Remix.run Logo
jamilton 4 hours ago

Also interesting to consider how much "compute" has to be spent by humans are learning something like that. Like, do we need to see more examples if learning from pictures of cats and dogs than seeing them in person? How many more examples? What if we're seeing them all in sequence, or spread out across hours or days?

I've probably seen... at least a dozen pictures of aardvarks and anteaters and maybe even see one of them at the zoo but I don't think I could reliably remember which was which without a reminder.

pmontra an hour ago | parent [-]

If you see one picture of a zebra, fly to Africa, see a real zebra, you recognize it as a zebra. But zebras are really unmistakable.

If you see a picture of an oryx and a picture of a kudu, maybe you remember the shape of their horns and a picture is enough.

Enter waterbucks and steenboks.
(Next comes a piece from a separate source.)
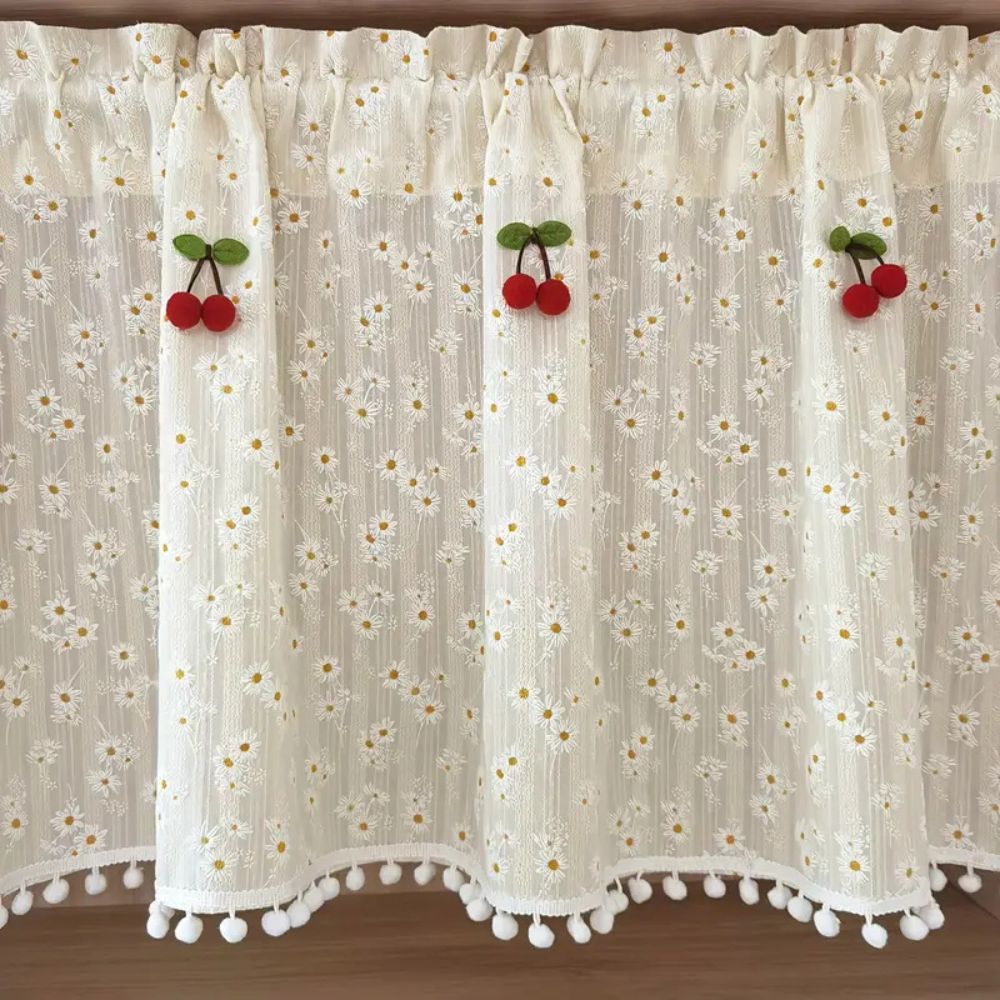 Daisy Breeze Cabinet Curtain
That starts to require a little more training.

Go all the way from mammals to insects. Bees and wasps and ants are still in the one picture is enough category. But what species of ants those on the wall of my house belong to?

I believe that ease of detection depends on how much things stand out on their own. Anyway, we do use a fundamentally different way of training than neural nets because we don't rebuild ourselves from scratch. However birds and planes fly in totally different ways but both fly. Their ways of flying are appropriate for different tasks, reach a branch or carry people to Africa to look at zebras.